Deby ou le complexe du tutorat.
Mr Idriss DEBY ira probablement en France avant la fin l’année en cours. Finalement les différents lobbys ont pu convaincre l’Elysée de faire un petit geste. D’autres conseillers, plus sérieux ceux-là, ont suggéré au Président français d’organiser un petit sommet qui réunirait les dignitaires de la France Afrique – une copie de la Baule – pour expliquer aux uns et aux autres la nouvelle ligne politique française sous mandat socialiste !

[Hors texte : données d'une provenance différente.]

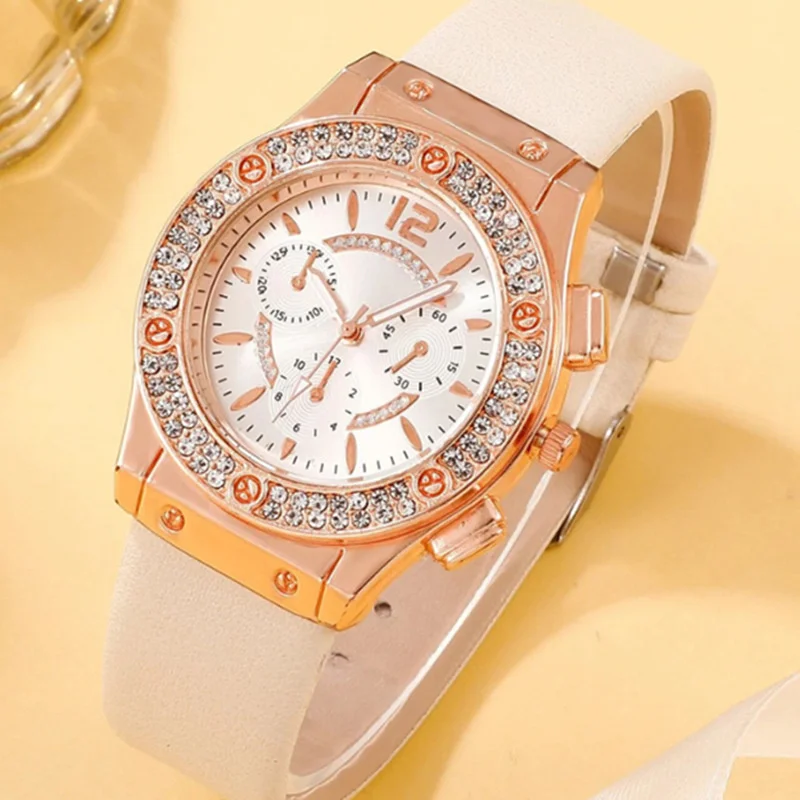 Rojozor RH-302 Elegant Rose Gold Women's Watch 5 Rojozor RH-302 Elegant Rose Gold Women's Watch - Image 5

Dans l’un ou l’autre cas, Deby trouverait son compte. L’essentiel pour lui est de serrer la main du Président français et de se faire photographier sur le perron de l’Elysée et de dire quelques niaiseries aux journalistes présents dans la cour !
Selon différentes sources Deby auraient dépensé l’équivalent de 8 mois de salaire des fonctionnaires en lobbying pour arriver à ses fins ! Pourquoi tant d’efforts et de ténacité, tant d’insistance et de fixation pour un exercice que d’autres auraient qualifié d’anodin ? L’explication se trouve dans la personnalité, la psychologie complexe de l’individu.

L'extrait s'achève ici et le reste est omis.